All of this has been debunked countless times and explained to you Witty? Why do you cling to such myths and fairytales? Does it represent your method to cope with reality?
It boggles the mind how Witty can still obsess about the recognition of Israel while Israel is fighting tooth and nail at the UN to block reogntion of Palestine. Un-friggin-believable.
The Arab Peace Initiative offers to recognize Israel. Hamas has said they would accept it if adopted. Israel has rejected it.
Hamas and the PA have made steps to form a unity government. The Israeli leadership not only has refused to negotiate with such a unity leadership, but insisted that peace is impossible until the unity agreement is torn up.
But hey, it’s all the fault fo Hamas right Witty?
Yet, the senile and incoherent village idiot sits in the corner, huddled in a foetal position and rocks back and forth repeating to himself over and over again “it’s all the fault of Hamas”.
Shingo,
Why so much binary thinking?
I support the Palestinian petition, though acknowledge that it can go way haywire.
The Hamas/PA unity government is tentative at this point. Noone in the world is confident of its endurance or effectiveness. Hamas wants the unity to be based on resistance. PA wants the unity to be based on constructiveness, and prospects of negotiation with Israel.
The PA approach is the only prospective basis of unity. I’m sure it is subject to criticism, but constructive criticism, not rationalization for unending war posture.

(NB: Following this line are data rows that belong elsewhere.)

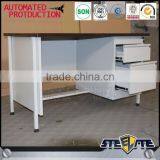 Wood Metal Mixed Material Modern Cheap Computer Desk Tables thumbnail-4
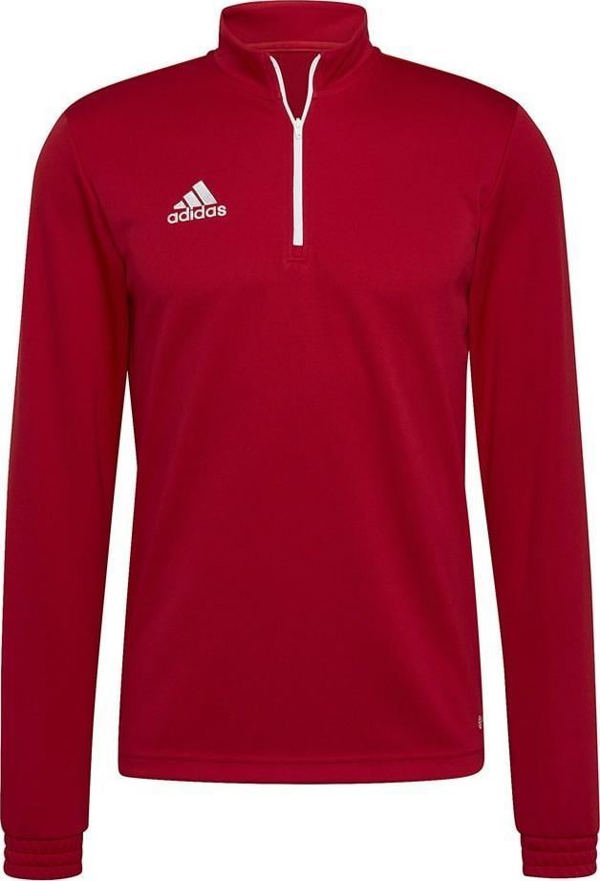 Adidas Ανδρική μπλούζα adidas Entrada 22 Training Top κόκκινη H57556 XL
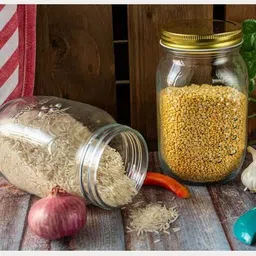 naturally yours Glass Storage Jar image 3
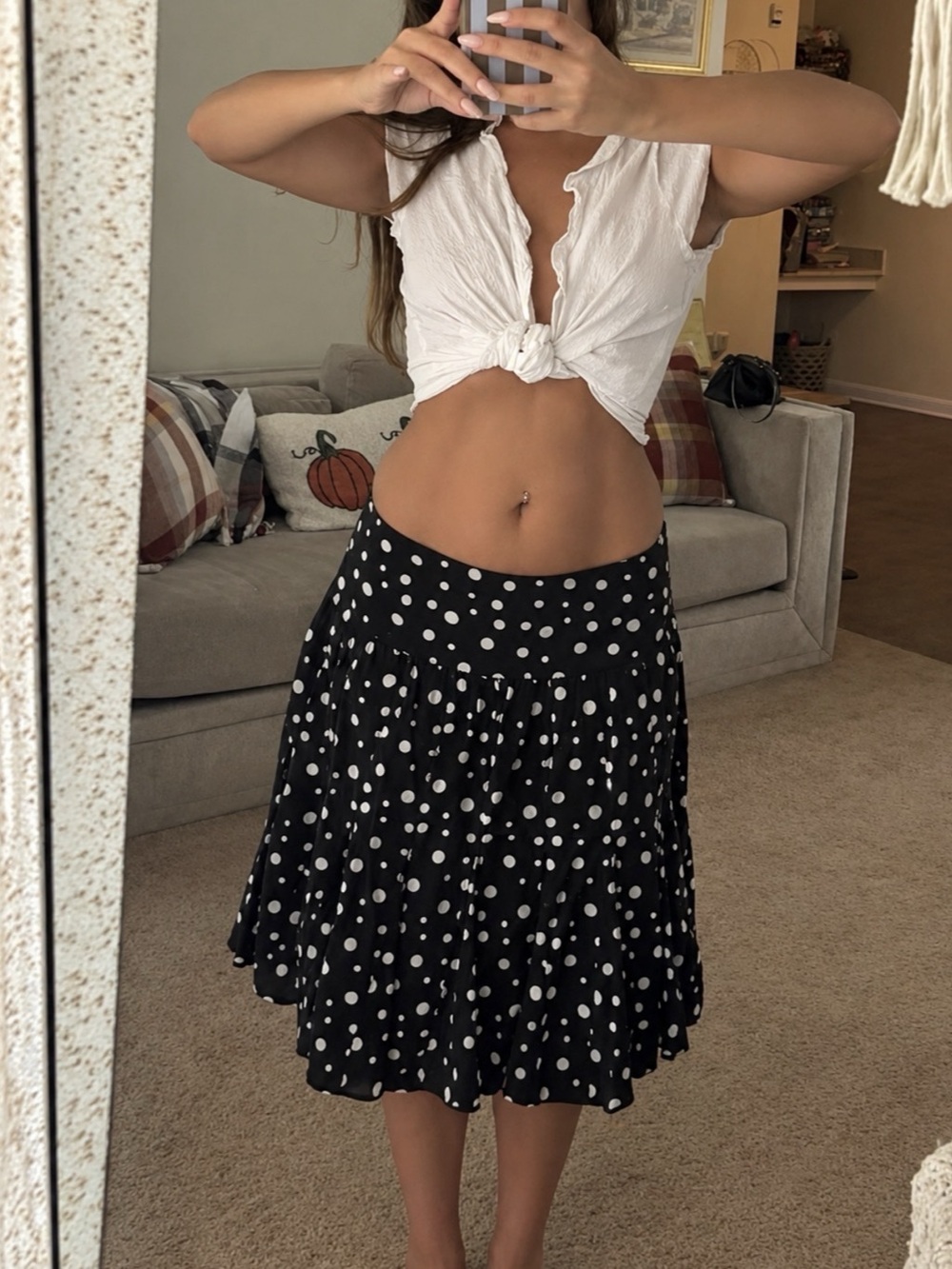 Vintage 1990s INC International Concepts Skirt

Likud is exposed electorally. After September passes, there will be choices to be made in Israel. If Palestine keeps a door open to negotiation, we can avoid regional war. Sober heads can reconcile, if they don’t do things to burn bridges in the meantime.
Yes Witty,
What use is binary thinking when you’ve been programmed to blame Hamas, regardless of the facts or reality?
The state of the Hamas/PA unity agreement has nothing to do with what shape they want the unity government to look like – it’s about who will be in power.
The PA has already exhausted the negotiation option. Israel won’t negotiate, certainly not to achieve an outcome. Furthermore, Abbas has already vowed that the PA will be disolved once the US vetos the resolution at the UNSC.
Likud have already theratened huge reprisals for the Palestinians after the vote. There is no possibility of negotiations. The Palestine Papers releaved what Israeli negotiations look like.
>> After September passes, there will be choices to be made in Israel. If Palestine keeps a door open to negotiation, we can avoid regional war.
I like how, in contrast to the very non-committal-sounding phrase “there will be choices to be made in Israel”, the dramatic-sounding sentence “If Palestine keeps a door open to negotiation, we can avoid regional war” appears to place the full burden for success or failure on Palestine.
Gawd forbid Israel should have to keep open – or even crack open! – a door to sincere negotiations!